# Chili Rasboras



## target (Apr 21, 2010)

I noticed what I am assuming is a baby Chili Rasbora in my 15g tank at work. There may very well be more than one, but it is densely planted and that's all I have seen so far. There is only 2 adult rasboras in there, the rest were picked off by another fish which in turn died. I guess I lucked out and got a pair. How many babies are usually spawned? And chili's are egg layers, correct? The baby is absolutely tiny and it was a fluke I even noticed him.


----------



## tang daddy (Apr 21, 2010)

Wow they actually spawned in your tank? I have about 20 in my shrimp tank where not one has died, they have great survival in shrimp tanks because there is nothing stressing them out or to eat them.

I hope to have some babies soon too...


----------



## Elle (Oct 25, 2010)

Wow is right. I've got 12 or so in Djamm's 10g shrimp tank, and while they look happy and eat like pigs, they've never bred. 

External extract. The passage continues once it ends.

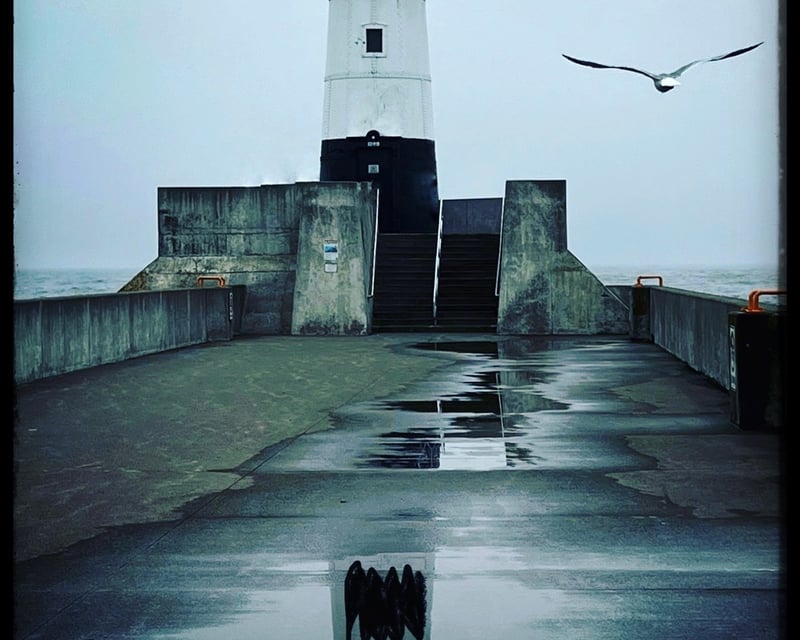 Canal Park Ghost Walk & Paranormal Investigation in Duluth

OTOH, they don't eat the shrimplets like the cardinal tetras did, either...


----------



## target (Apr 21, 2010)

I was pleased to see the baby swimming, wasn't really expecting it. I am hoping that it will grow up, and that there will be more than just the one.


----------



## djamm (Sep 25, 2010)

Good luck...they are fun in my shrimp tank...they seem to co-exist with the otto's (never see them)


----------